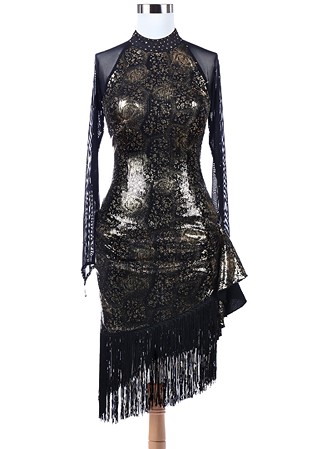Dramatic Rose Sequin Fringe Latin Competition Dress VN-L5255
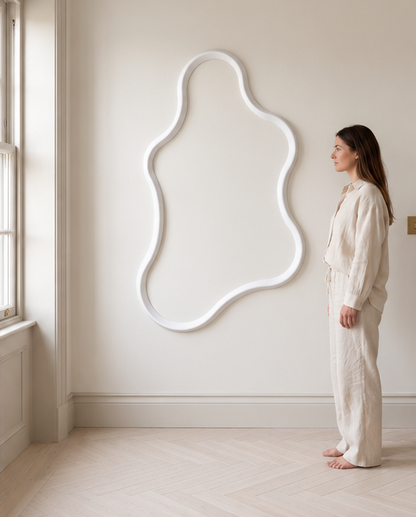 Aureen sierlijst aan de muur, naast een persoon als formaatindicatie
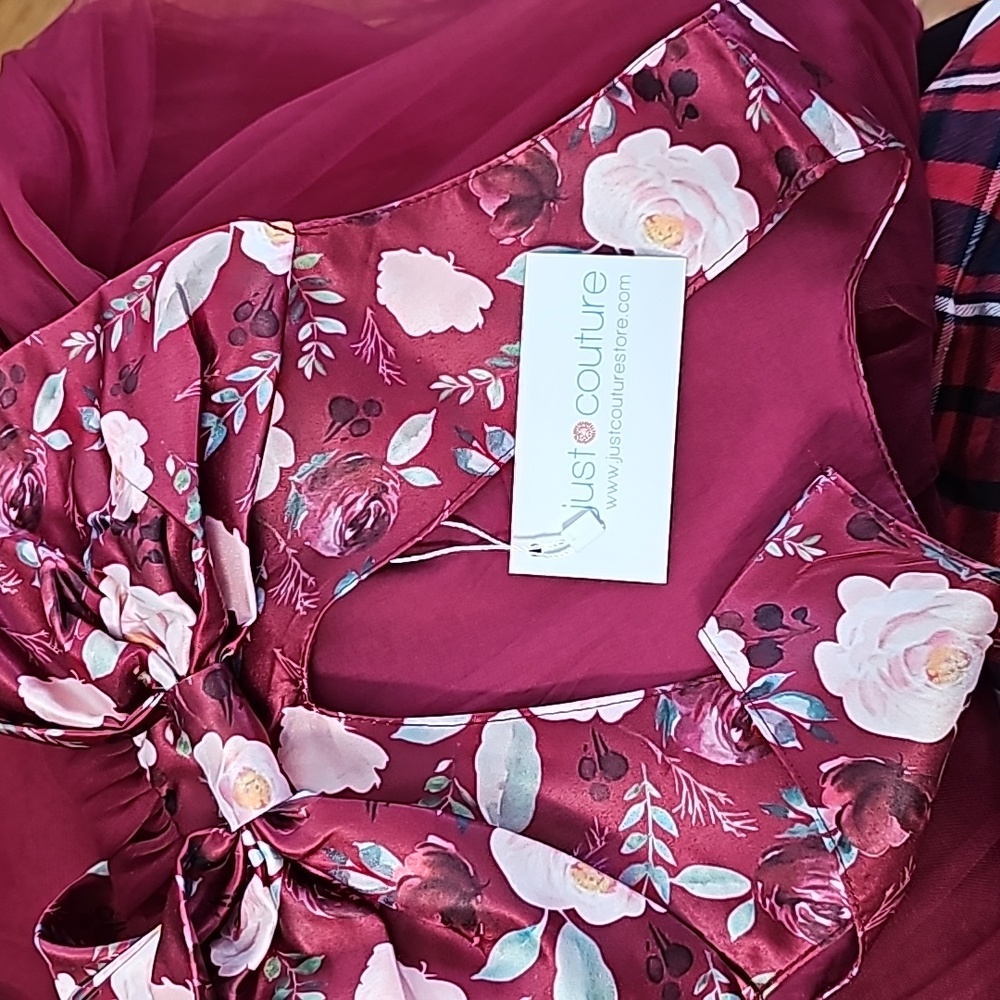 NWT Lovely Wine Floral Lucinda Gown - Just Couture - Picture 4 of 9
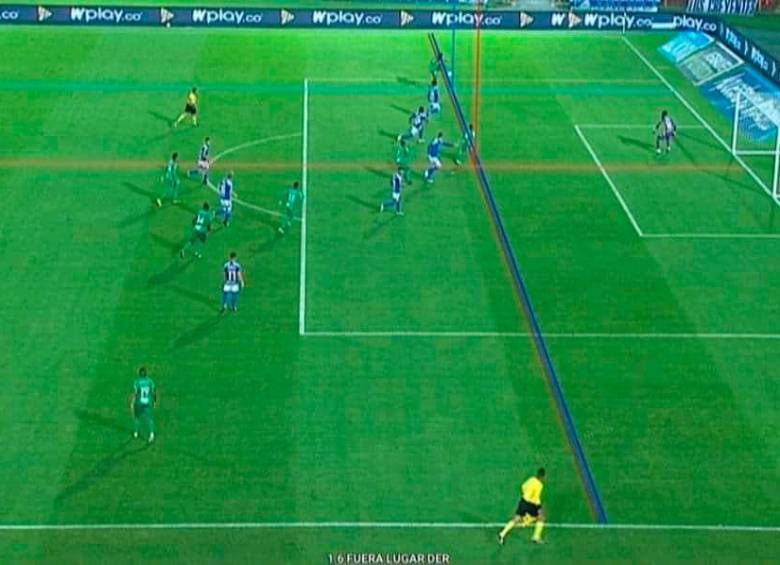 Imagen de la acción previa al gol de Vladimir ante Millonarios en Bogotá. FOTO twitter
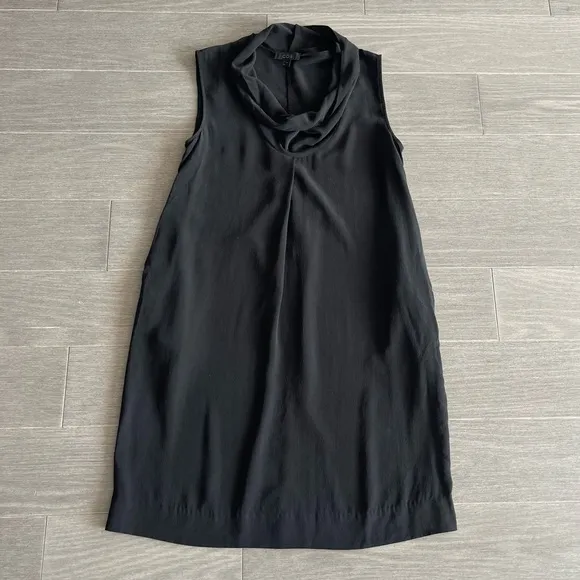 COS 100% Silk Sleeveless Black Mini Dress with Pockets 4 Minimalist Relaxed Boho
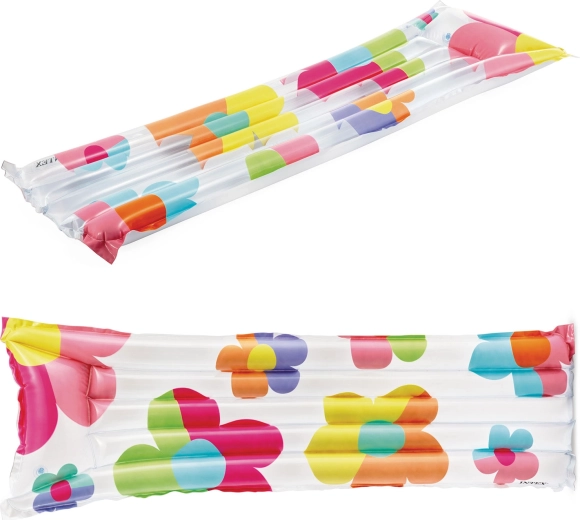 Inflatable water lounger with flowers INTEX 183 × 69 cm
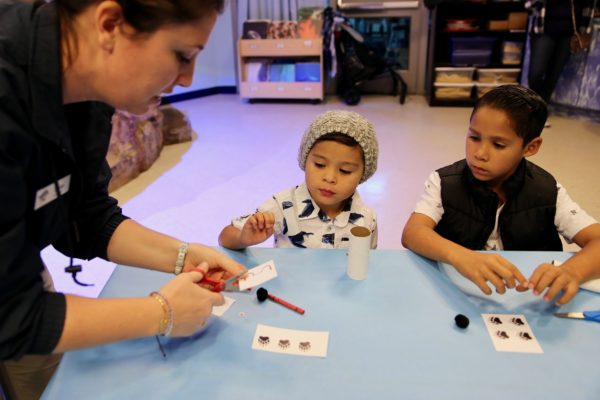 Aquarium staffer shows two small boys how to cut out shapes during a craft class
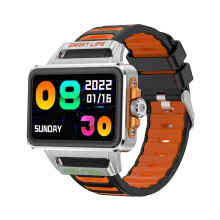 (Siliver Orange) Smart Watch 1.57-inch HD Screen 24h Continuous Heart Rate Sleep Monitor Game Waterproof Smartwatch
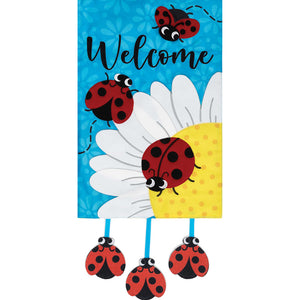Ladybug Daisies Garden Flag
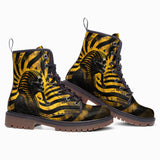 Leather Boots Skull of Pharaoh Striped Background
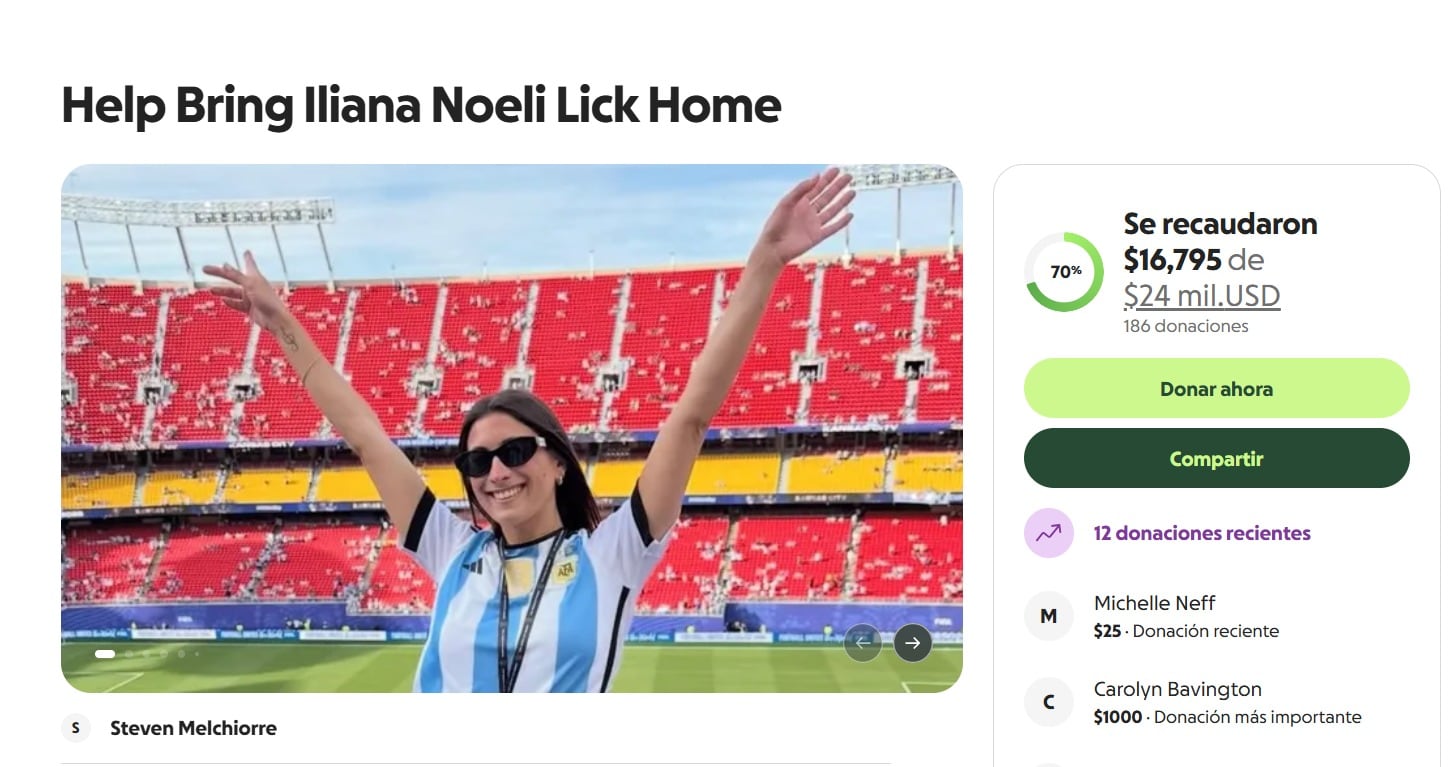 La campaña de recaudación para Iliana Lick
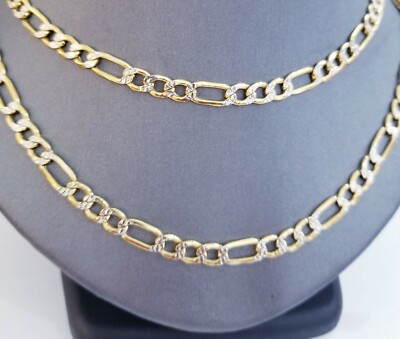 Pre-owned Globalwatches10 Real 10k Gold Figaro Link Chain Necklace 6mm Diamond Cut 26" Men Authentic Gold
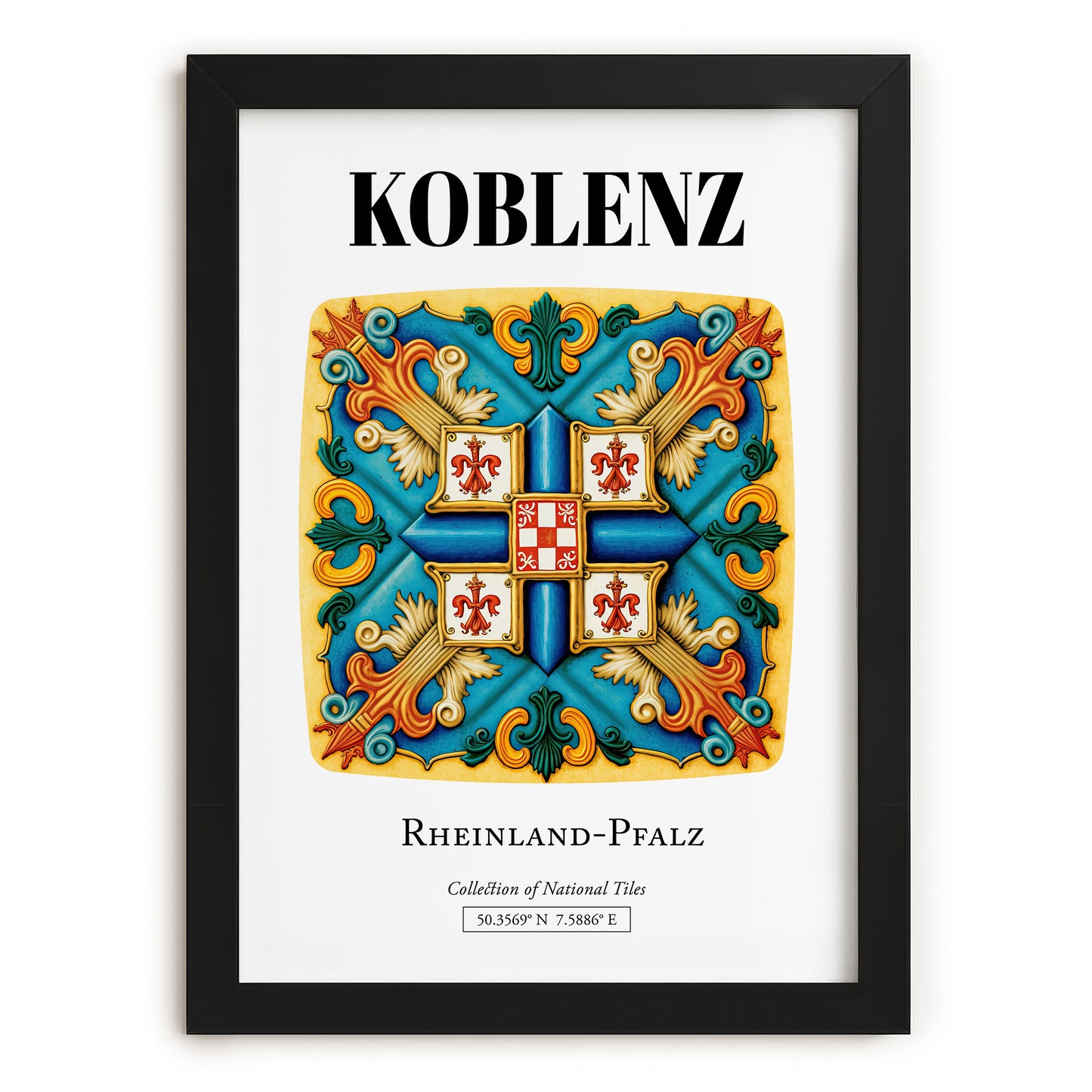 Koblenz, Germany – Travel Wall Decor, in sleek black frame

### Work instruction
Set down the line containing "Ladybug Daisies Garden Flag" and every line after it up to the end of the material, exactly as written, but not the pictures.

### Expected answer
Ladybug Daisies Garden Flag
 Leather Boots Skull of Pharaoh Striped Background
 La campaña de recaudación para Iliana Lick
 Pre-owned Globalwatches10 Real 10k Gold Figaro Link Chain Necklace 6mm Diamond Cut 26" Men Authentic Gold
 Koblenz, Germany – Travel Wall Decor, in sleek black frame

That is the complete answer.